Abstract Body (Do not enter title and authors here): Introduction: Cardiac hypertrophy is characterized by significant metabolic changes, notably an increase in glycolysis. Histone lactylation, a post-translational modification influenced by the glycolytic state of cells, plays a crucial role in regulating gene transcription. However, the relationship between histone lactylation and cardiac hypertrophy remains unclear.
Research Questions: This study aims to elucidate the effects and underlying mechanisms of histone lactylation in the progression of cardiac hypertrophy induced by pressure overload.

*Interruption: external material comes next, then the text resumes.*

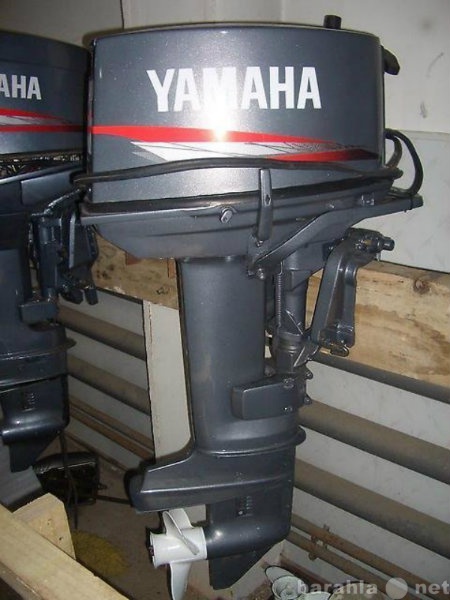 Купить ямаха 30 2 х. Yamaha 25 2-х тактный. Мотор Лодочный Ямаха 25 л.с. Лодочный мотор Ямаха 30 л с 2 тактный. 2х тактный Лодочный мотор Yamaha 30.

Methods and Results: We observed an increase in histone lactylation levels in hypertrophic hearts from both humans and mice. To investigate further, male mice underwent transverse aortic constriction (TAC) to induce cardiac hypertrophy, followed by either an intraperitoneal injection of Oxamate (an LDHA inhibitor) to reduce histone lactylation or sodium lactate to increase it. Reducing histone lactylation protected the hearts from TAC-induced hypertrophy and fibrosis, preserving cardiac function, while increased histone lactylation exacerbated cardiac hypertrophy and fibrosis, impairing cardiac function. Cardiomyocyte-specific deletion of LDHA also led to a reduction in cardiac hypertrophy. In vitro experiments showed that inhibiting histone lactylation reduced the expression of hypertrophic markers and the hypertrophic growth of cardiomyocytes stimulated by phenylephrine. Using co-immunoprecipitation, we confirmed that P300 and GCN5 are the transferases mediating histone lactylation in cardiomyocytes. Mechanistic studies using the CUT&Tag technique revealed lactate-dependent histone modification was enriched at the promoter of TGFB2, activating its transcription. Inhibiting cardiac-specific TGFB2 expression through adeno-associated viral delivery of shRNA reduced TAC-induced cardiac hypertrophy. Furthermore, TGFB2 overexpression induced a hypertrophic phenotype in cardiomyocytes and activated the PI3K/AKT/mTOR pathways. This hypertrophic phenotype, induced by TGFB2 overexpression, was suppressed by inhibitors of PI3K or AKT.
Conclusion: Our findings reveal a critical role for histone lactylation in the development of pathological cardiac hypertrophy by regulating TGFB2 expression and the PI3K/AKT/mTOR pathway.